我居然会有一盘来自故乡的石磨?这感觉简直是魔幻!我抱着这沉甸甸的四十斤石磨回家来,解开绳子,把它郑重地放在我的老木头桌子上,哦,我和老石磨重逢了,命中注定会有这重逢的一天!
我抚摸着光滑柔润冰凉的石磨,它和我小时候的石磨构造一模一样,上下两个磨盘严丝合缝,里面有许多细密的齿槽,扣在一起好像人的上下牙床咬合在一起,把食物磨碎。和它寒暄问暖,我高兴地简直要跳起来,好像又是那个光脚丫子的四岁小孩子,我似乎又跑着跳着去着迷地看我的老祖母推磨,又站在祖母的锅台边看她做锅边糊,我仿佛又看见故乡的青空,故乡的炊烟缭绕,故乡的燕子叽叽喳喳地归巢……哦,我是什么时候长大的,我是什么时候沿着这盘磨出发,走到万水千山之外,走到中年岁月里的呢?
不见石磨久矣,不见故乡的青山绿水久矣,我汹涌的怀念之情随着石磨转啊转啊,转回了我的童年。
那时候的乡村生活怎么能离开石磨呢?小时候老家大厅里的那盘老石磨在小孩子眼里是多么神奇啊,磨盘就像一个魔法师,可以吐出让我流口水的各种美食。
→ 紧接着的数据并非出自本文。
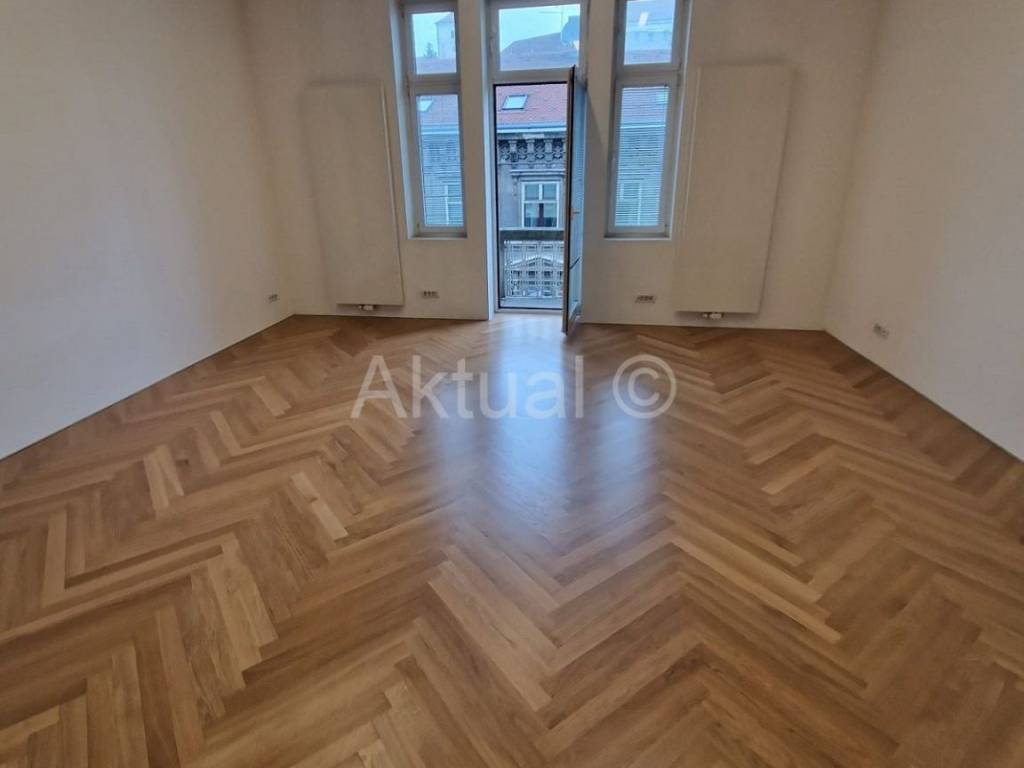 Stan u zgradi, Prodaja, Zagreb, Donji Grad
磨是厅堂里大家公用的,常年放在角落里的堂叔婆家门口,磨盘上有一根粗糙的木头横杠连着磨盘,横杠两头用拇指粗的绳子捆着,绳子系在梁上,推磨的时候,只要用两手握着手把一来一去地用力,磨就转起来了,一个人可以用两只双手推,也可以用一只单手推动,小时候我无论怎样踮脚尖也够不着这根磨杠,它高高悬在我头顶晃呀晃呀,我因此从来没有推动过这盘神奇的磨,而磨盘转起来的时候,必然会有一顿激动人心的美食出现,在我粗茶淡饭缺少零食的童年,叫我如何能不对老石磨产生无比亲切的感情呢?长大了我一定要把磨盘推个够是我当时的强烈愿望。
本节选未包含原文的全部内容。